■ **ASSIGNMENT**
Please transcribe the listing below in full and word for word, without its pictures.

■ **DATA BLOCK**

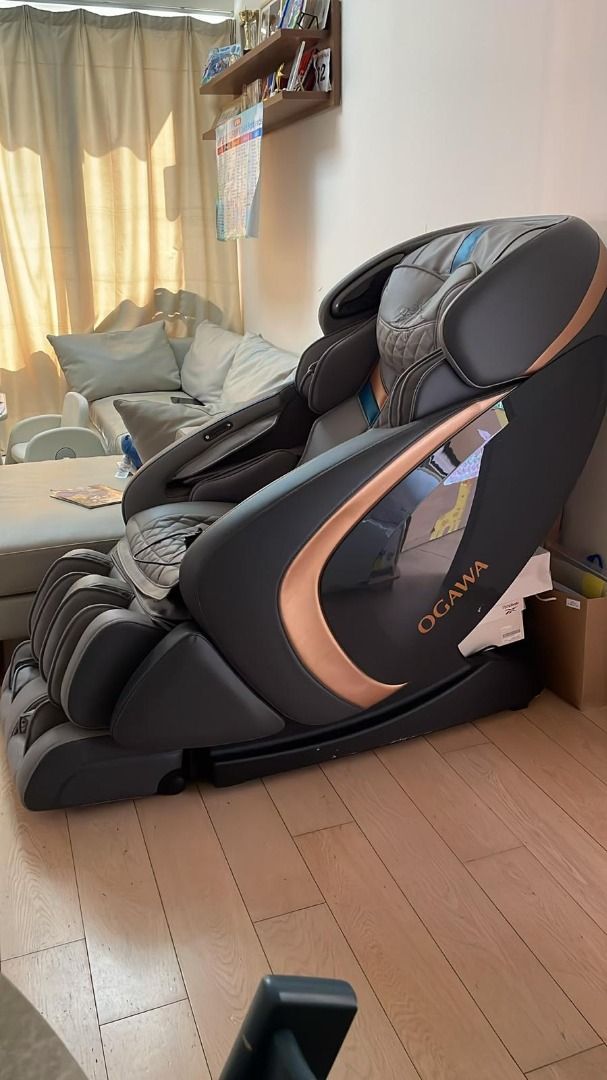 OGAWA Smart Witmo按摩椅 （分類：按摩紓緩用品）位於 Hong Kong。 由 rcadmin-51762 提交（商品編號 1451600372，圖片 3）。簡介： OGAWA Smart Witmo按摩椅－灰色機身 產品型號：OG-7808 尺寸 (長 x 寬 x 高)：1630 x 780 x 1270mm 後仰狀態尺寸 (長 x 寬 x 高)：1900 x 780 x 1030mm 重量：108kg 用了4年，操作正常。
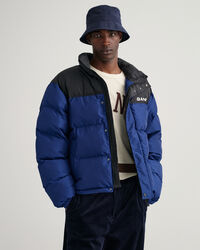 Kontrastivärinen toppatakki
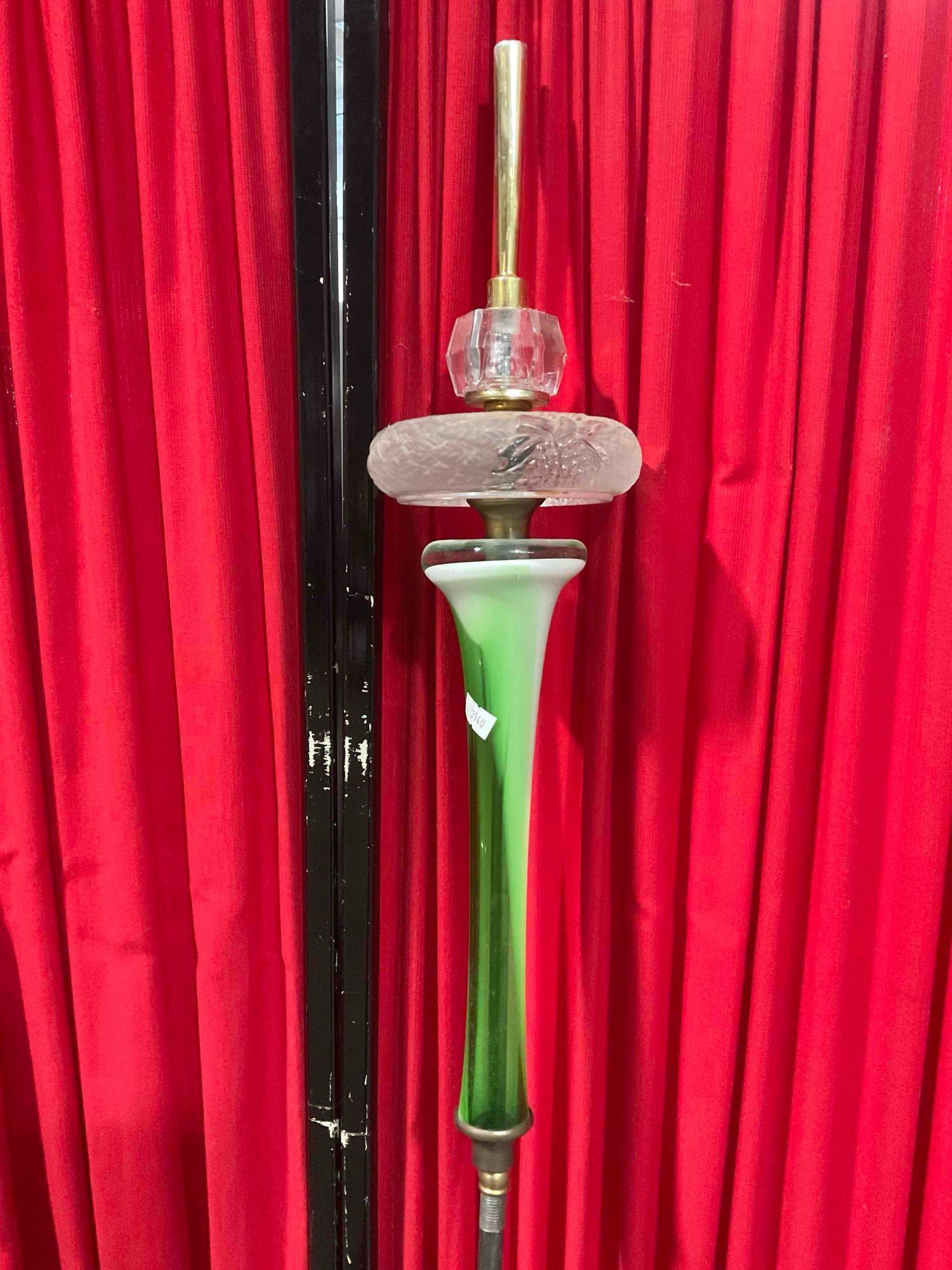 2 pcs Garden Art Decor Pieces. Vintage Glass Rod & Metal Frog. Excellent Condition. See pics.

■ **RESPONSE TO THIS EXERCISE**
 OGAWA Smart Witmo按摩椅 （分類：按摩紓緩用品）位於 Hong Kong。 由 rcadmin-51762 提交（商品編號 1451600372，圖片 3）。簡介： OGAWA Smart Witmo按摩椅－灰色機身 產品型號：OG-7808 尺寸 (長 x 寬 x 高)：1630 x 780 x 1270mm 後仰狀態尺寸 (長 x 寬 x 高)：1900 x 780 x 1030mm 重量：108kg 用了4年，操作正常。
 Kontrastivärinen toppatakki
 2 pcs Garden Art Decor Pieces. Vintage Glass Rod & Metal Frog. Excellent Condition. See pics.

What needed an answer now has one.